An anti-click, mouseover world..

I’m sure you’ve all seen this, but just in case:
http://www.dontclick.it/

Something inside me revolts against not clicking– and it’s causal expectation: I must do something active in order to do something. But honestly, I ‘get’ it. Having to click everything all the time creates a command/dominance facade, as if the user really had control of their computer; hence all the HCI(Human-computer-interaction) frustrations/rage. We’d all like to think that we’re in control of our computers, when in reality, even the development team who built the software are under the rule of the almighty strict language syntax & debugger.

Dontclick.it is a great testbed for low-command HCI, and I wish it could take it a few steps further:

What about ‘mouse-attraction’.. giving gravity values to elements.
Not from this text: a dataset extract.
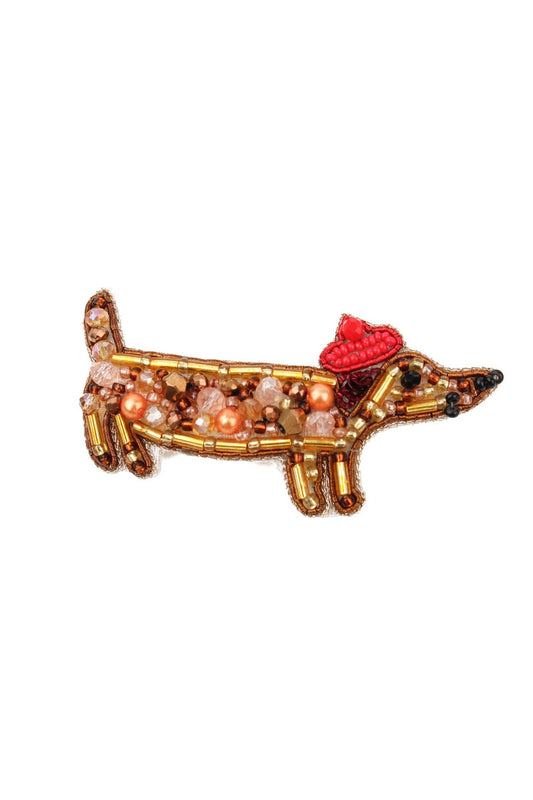 BROCHE CHIEN SAUCISSE - DupontDupont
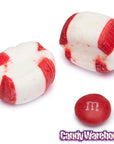 King Leo Red and White Peppermint Puffs Candy: 5LB Bag - Candy Warehouse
I don’t mean 10,000 units that would disallow ANY mouse movement, but a 0-to-1 point scale that would still allow for pixel-width mouse intervals.

Lack of borders/boundaries is also tough.  Many times on the site you’re thrown into another undesired world based simply on a lack of clear borders: the padding around the text is unknown to the user, the multitude of gradients (why not use ‘em as a visual timer– the stronger the gradient, the less time you have before action?)..

As well, for some users like myself who REALLY like to use the mouse to track their reading, this design implementation on the front page drives us up a wall. But that is rule-changable, and honestly, just a front-page issue - the rest of the site is well done.

Finally, X windows generically supports this kind of HCI, and since seeing this site, I’ve been using mouse-over window focusing for a few months. It drives my girlfriend batty to use it, but with repeated use, (and a HORRID Macbook mouse-button), it’s worth keeping.

My specific XFCE implementation allows for, what is in no uncertain terms: GRACE! If I mouse-over something else, that something else will alight in focus for a second before fully coming into focus cuing me to say, “Do you want to focus on this window?” And if I don’t, in the brief second, I can move back and never lose window focus.